The injection of CO2 into coalbed methane (CBM) reservoirs to enhance methane recovery has a second desirable benefit in simultaneously sequestering CO2. However, the real-time dynamic evolution of native adsorbed and rejected non-adsorbed methane during the process of CO2-enhanced coalbed methane (CO2-ECBM) production remains poorly constrained as a result of the nonlinear and hysteretic response of both CO2–CH4 interactions (part 1) and CO2–H2O wettability (part 2) of the coal under recreated reservoir conditions.

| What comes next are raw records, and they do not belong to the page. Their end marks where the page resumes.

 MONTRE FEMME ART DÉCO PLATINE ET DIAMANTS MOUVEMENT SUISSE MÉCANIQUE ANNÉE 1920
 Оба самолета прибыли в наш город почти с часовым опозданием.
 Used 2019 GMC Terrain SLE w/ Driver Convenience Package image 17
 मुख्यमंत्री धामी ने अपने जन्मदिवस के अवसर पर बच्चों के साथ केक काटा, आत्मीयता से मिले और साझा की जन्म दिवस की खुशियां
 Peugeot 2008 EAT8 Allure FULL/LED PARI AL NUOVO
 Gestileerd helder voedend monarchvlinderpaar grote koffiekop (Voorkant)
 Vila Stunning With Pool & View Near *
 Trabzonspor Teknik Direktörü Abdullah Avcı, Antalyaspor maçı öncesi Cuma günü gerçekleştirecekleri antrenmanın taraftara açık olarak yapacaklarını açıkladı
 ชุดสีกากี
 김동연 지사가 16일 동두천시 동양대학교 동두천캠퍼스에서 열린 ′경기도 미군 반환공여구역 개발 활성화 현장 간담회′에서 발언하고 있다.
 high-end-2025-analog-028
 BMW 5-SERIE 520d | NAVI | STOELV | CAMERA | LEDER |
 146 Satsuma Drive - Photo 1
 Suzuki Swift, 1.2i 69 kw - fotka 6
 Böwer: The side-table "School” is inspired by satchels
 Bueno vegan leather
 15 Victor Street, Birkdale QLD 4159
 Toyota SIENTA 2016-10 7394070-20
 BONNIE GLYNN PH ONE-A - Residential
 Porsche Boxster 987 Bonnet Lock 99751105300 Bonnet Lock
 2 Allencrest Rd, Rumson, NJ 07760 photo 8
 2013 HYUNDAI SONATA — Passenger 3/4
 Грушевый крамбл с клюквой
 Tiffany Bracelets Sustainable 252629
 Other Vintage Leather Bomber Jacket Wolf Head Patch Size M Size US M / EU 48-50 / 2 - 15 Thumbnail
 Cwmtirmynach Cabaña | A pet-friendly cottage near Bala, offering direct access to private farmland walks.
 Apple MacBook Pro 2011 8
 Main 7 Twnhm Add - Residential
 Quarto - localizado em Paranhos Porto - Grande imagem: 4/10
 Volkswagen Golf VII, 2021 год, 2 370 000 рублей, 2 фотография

In part 1, we apply calibrated nuclear magnetic resonance (NMR) to explore mechanisms of methane desorption and CO2 replacement during multiple cycles of CO2-ECBM flooding under recreated in situ conditions. Results for contrasting sub-bituminous coal and anthracite indicate that the adsorbed methane sweep efficiency is improved by ∼16–26% with a single injection of CO2 over mere in situ desorption. Furthermore, CO2–CH4 displacement rates evolve during each CO2 injection cycle, first declining rapidly and then stabilizing with a long desorptive tail. Importantly, the cumulative methane sweep efficiency increases monotonically with successive cycles of CO2 injection, albeit at a reducing incremental efficiency, identifying the utility of cyclic CO2-ECBM as an effective method in both CO2 sequestration and enhanced gas recovery. Observed ratios of CO2 sorption capacities to CH4 recovery are 5.0 and 2.2 for sub-bituminous coal and anthracite, respectively, demonstrating an elevated potential for CO2 sequestration in sub-bituminous coals and more favorable CO2-ECBM recovery in anthracite, per unit mass of CO2 injected.